▶ **DIRECTIONS FOR THIS TASK**
Reproduce, word for word, all of the records; the pictures stay out.

_ _ _

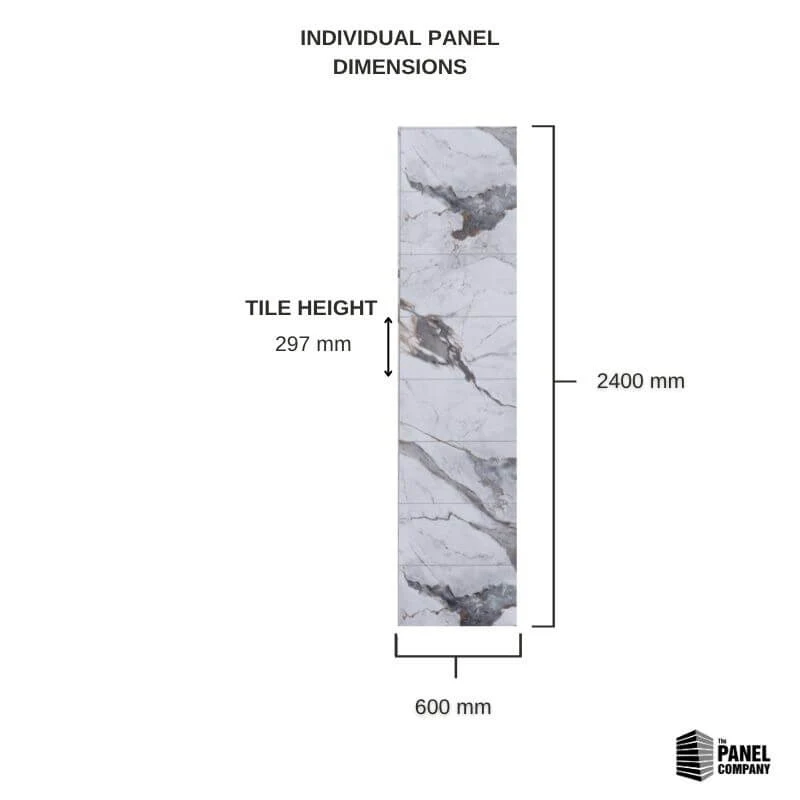White Marble Tile Wall Panel - 600mm - Image 3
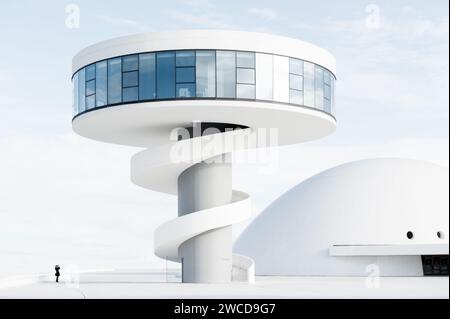 Persona in piccolo che fotografa la torre e il centro espositivo del Niemeyer Center di Aviles, Asturie, Spagna. Foto Stock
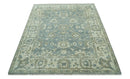 Gray, Ivory and Green Hand Knotted Traditional Oriental Oushak 9x12 wool Area Rug by The Rug Decor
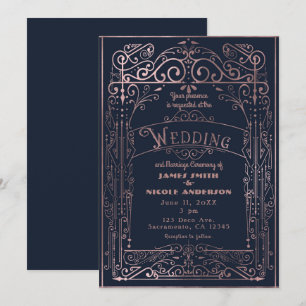 Navy- und Roségold Hochzeit im viktorianischen Sti Einladung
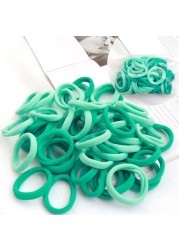 Girls 50pcs Colorful Nylon Small Elastic Hair Bands Hair Accessories Ponytail Holder Children Scrunchie Headband Kids Hair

_ _ _

▶ **SOLUTION TO THE EXERCISE**
White Marble Tile Wall Panel - 600mm - Image 3
 Persona in piccolo che fotografa la torre e il centro espositivo del Niemeyer Center di Aviles, Asturie, Spagna. Foto Stock
 Gray, Ivory and Green Hand Knotted Traditional Oriental Oushak 9x12 wool Area Rug by The Rug Decor
 Navy- und Roségold Hochzeit im viktorianischen Sti Einladung
 Girls 50pcs Colorful Nylon Small Elastic Hair Bands Hair Accessories Ponytail Holder Children Scrunchie Headband Kids Hair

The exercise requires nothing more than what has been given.